Прочитал тут статью про литературных героев по системе Станиславского, и вспомнил один свой проект. Как и все прочие, недо/нереализованный. Хотя именно эту штуку я очень бы хотел однажды написать. Прямо сейчас хочется.
Знакома ли вам ситуация, когда рассказанная кем-то история представляется вам так ярко, что кажется, вы сами там были и даже можете "припомнить" опущенные рассказчиком визуальные детали? Или когда вы сами переиначиваете события, чтобы рассказ получился более эффектным, и постепенно забываете, как было на самом деле? И наконец, знакомо ли вам чувство, когда при долгом отсутствии контакта с человеком, его личность в вашем сознании превращается в образ? Воспоминание о ком-то - это ведь литературный персонаж вашего сознания!
87-ю квартиру я хотел бы заселить именно такими персонажами-воспоминаниями. Людьми, какими я хочу их помнить. "
И пусть никто, никто вообще не уходит!.."
Это первая, и пока что единственная зарисовка, ни с начала ни с конца:
МарияЧасто, смотря на людей, посещавших эту странную квартиру, я любил представлять себе их в повседневной, будничной жизни. Интересно было пытаться угадывать, какими они представали перед другими людьми, дома или на работе...

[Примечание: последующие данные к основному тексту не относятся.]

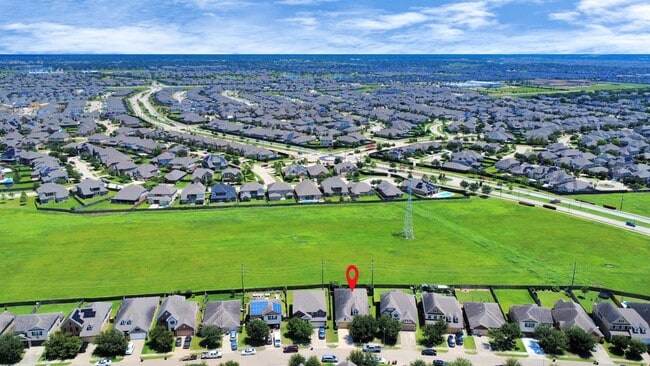 Building Photo - 20626 Bandrock Terrace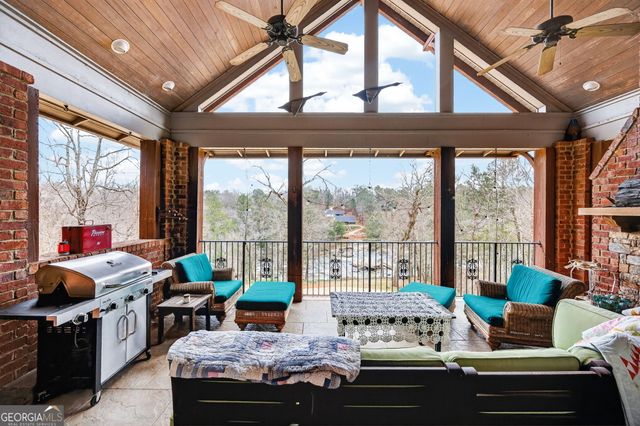 101 River Shoals Circle, Forsyth, GA 31029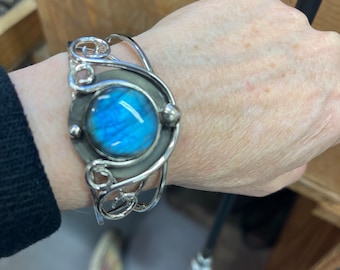 Sterling Silver Art Nouveau Artisan Bracelet Cuff with Labradorite Cabochon, Bohemian  Cuff Bracelets, Gifts For Her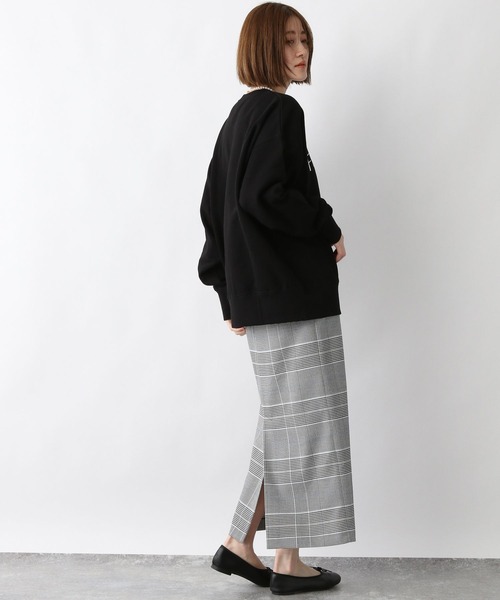 A part by（アパートバイ）の「カレッジロゴウラケ　261576（スウェット・レディース・ブラック/グレー/オフホワイト・FREE）」の21枚目の写真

Мария была из тех, кого невозможно было представить в иной жизни: практически не покидая своего обиталища, обустраивая уют вписчиков и привечая каждого вновь прибывшего, она составляла неотъемлемую часть атмосферы 87-й, была её добрым духом, вселенской матерью, способной успокоить, приласкать и помочь каждому. И правда, было что-то вечное в этой невысокой светловолосой девушке в длинной цветастой юбке, рубашке, завязанной под тяжёлой грудью, и фенечками до самых локтей. В ней было столько же вечности, сколько в остролистовом кресте на её шее и в самом её имени – Мария.
Её любовь и забота распространялась на всех и всегда получали ответ: не принимать Марию значило не принимать 87-ю, а потому людей, не любивших её, здесь просто не было.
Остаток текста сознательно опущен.